Task input Block Start

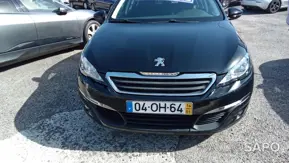 Peugeot 308 de 2014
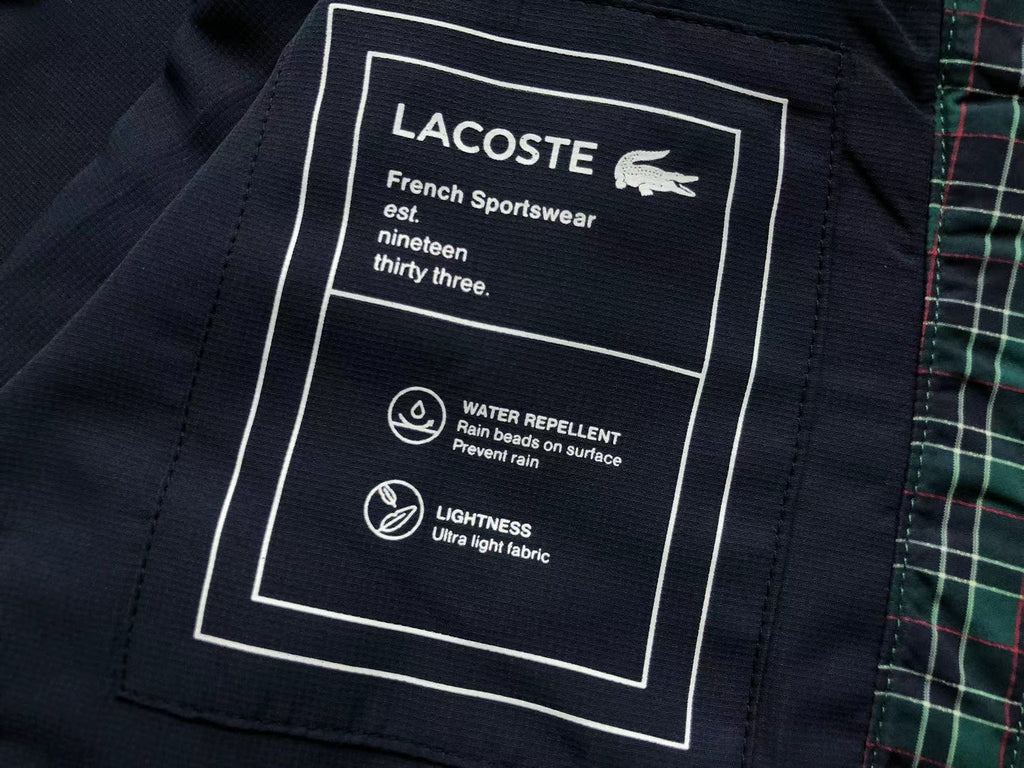 Lacoste Jacket
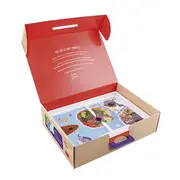 Set de 4 jocuri de respiratie pentru imbunatatirea vorbirii si pronuntiei, exercitii de logopedie - okeakr20030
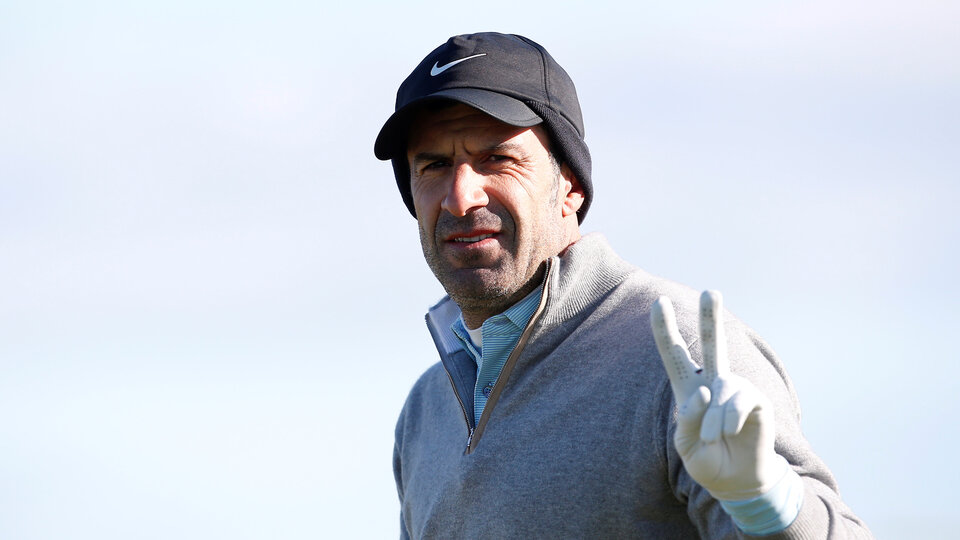 Figo, Ceferin'le çalışacak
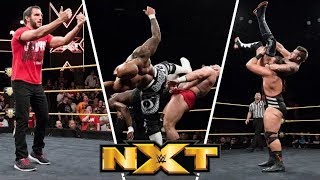 WWE NXT 23rd May 2018 Highlights HD   WWE NXT 05 23 2018 Highlights HD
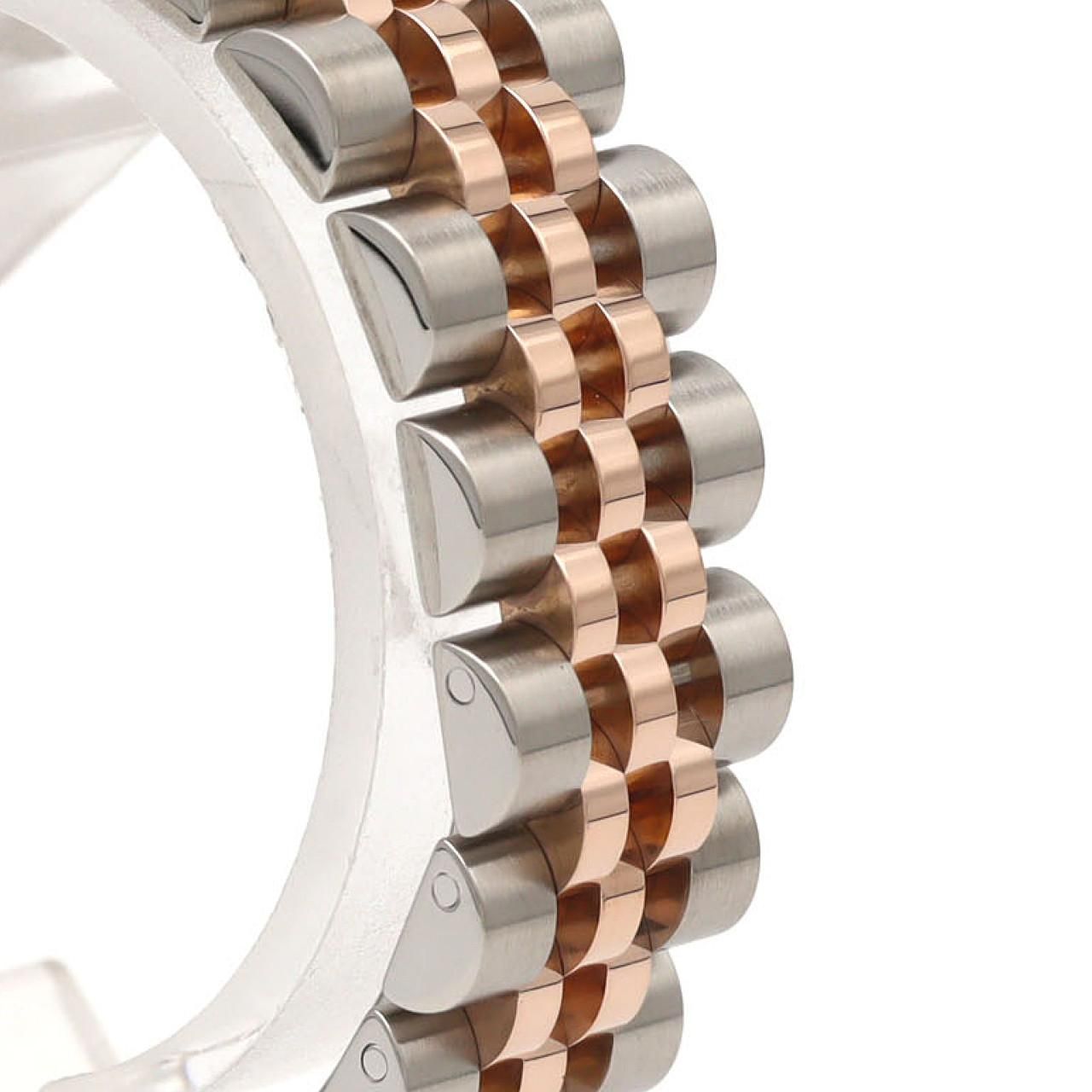 Rolex Datejust Ssxpg Automatic Winding Watch — view 5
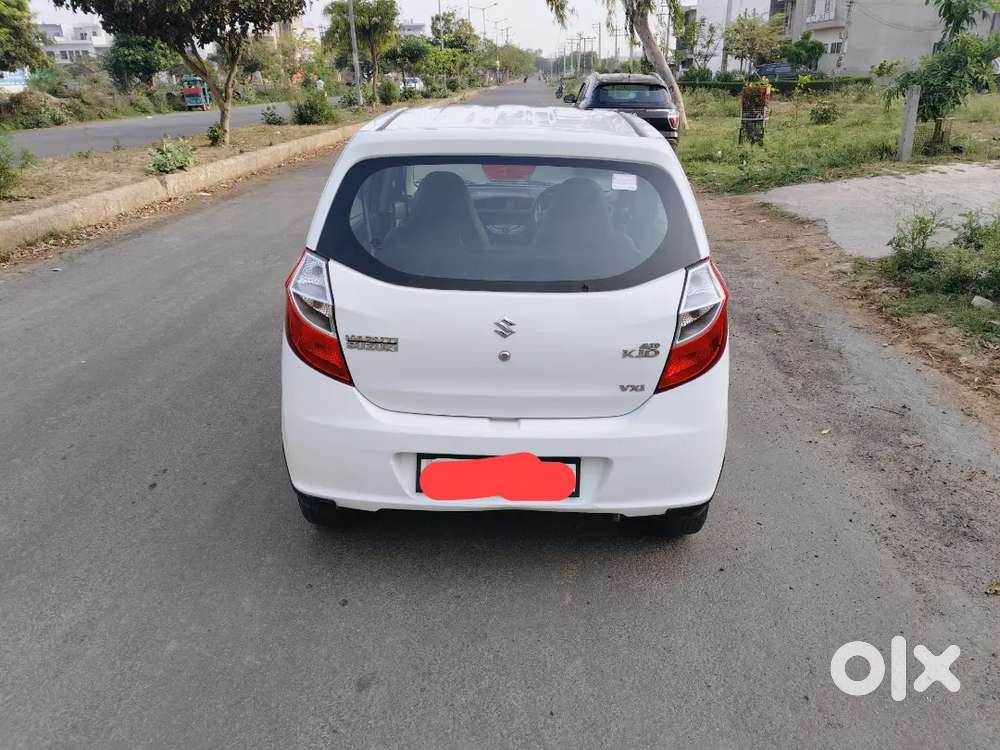 Maruti Suzuki Alto K10 2015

Task input Block End

Task statement — Retype the listing above exactly. Pictures are not part of the copy.

Answer to this exercise —
 Peugeot 308 de 2014
 Lacoste Jacket
 Set de 4 jocuri de respiratie pentru imbunatatirea vorbirii si pronuntiei, exercitii de logopedie - okeakr20030
 Figo, Ceferin'le çalışacak
 WWE NXT 23rd May 2018 Highlights HD   WWE NXT 05 23 2018 Highlights HD
 Rolex Datejust Ssxpg Automatic Winding Watch — view 5
 Maruti Suzuki Alto K10 2015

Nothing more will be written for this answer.